**Work order:** Given the records below, the lines starting at the line with "デスクトップ用 メモリ DDR4 2400 32GB（16GB×2枚）" and ending at the line with "Cyber End Dragon" should be output exactly, both end lines kept and pictures left out.

**Dataset extract:**
______________________________
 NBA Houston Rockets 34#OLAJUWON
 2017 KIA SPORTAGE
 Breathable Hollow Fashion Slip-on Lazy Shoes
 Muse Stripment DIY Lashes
______________________________
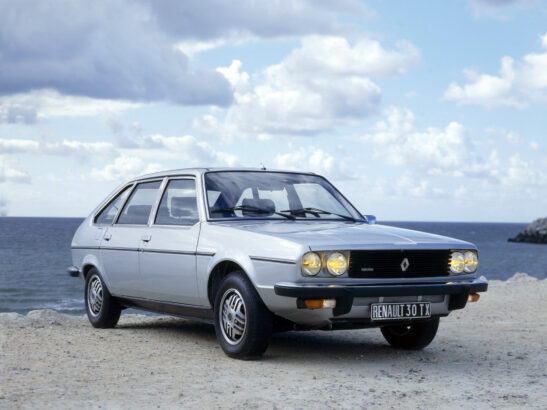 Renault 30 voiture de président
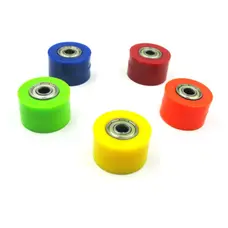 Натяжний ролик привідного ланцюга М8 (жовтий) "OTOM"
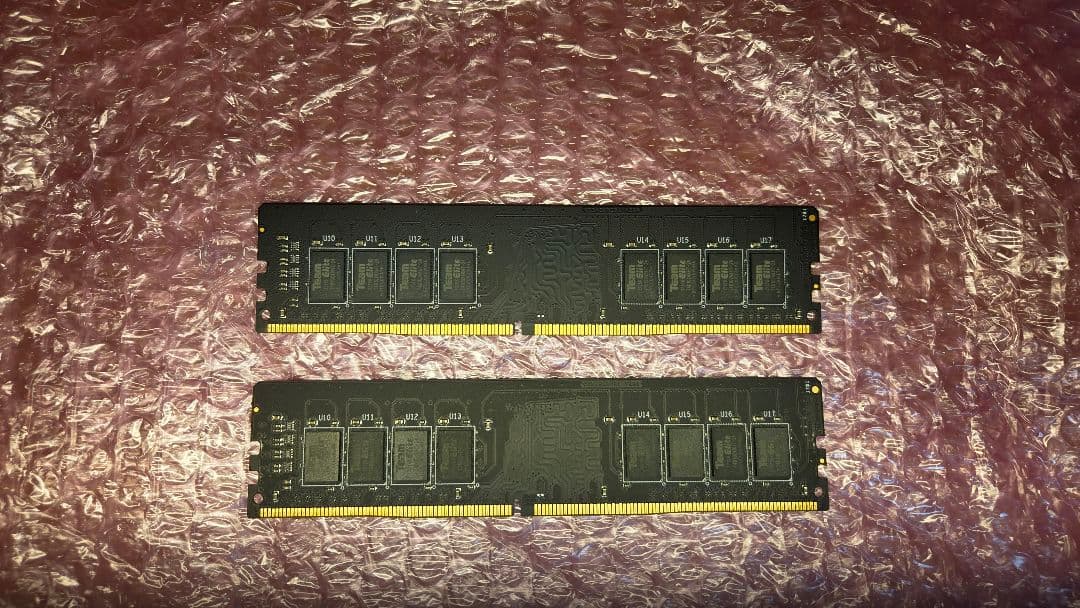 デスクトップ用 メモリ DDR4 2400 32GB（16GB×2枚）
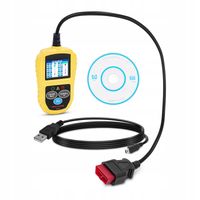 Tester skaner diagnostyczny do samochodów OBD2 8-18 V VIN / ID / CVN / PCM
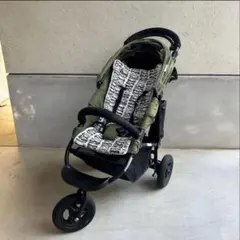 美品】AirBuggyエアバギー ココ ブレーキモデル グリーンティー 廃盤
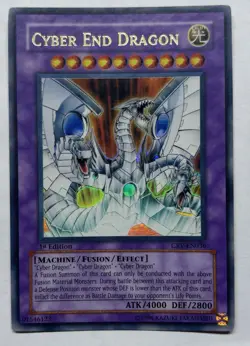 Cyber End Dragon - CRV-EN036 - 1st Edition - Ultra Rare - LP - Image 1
______________________________
**Solution to the exercise:**
 デスクトップ用 メモリ DDR4 2400 32GB（16GB×2枚）
 Tester skaner diagnostyczny do samochodów OBD2 8-18 V VIN / ID / CVN / PCM
 美品】AirBuggyエアバギー ココ ブレーキモデル グリーンティー 廃盤
 Cyber End Dragon - CRV-EN036 - 1st Edition - Ultra Rare - LP - Image 1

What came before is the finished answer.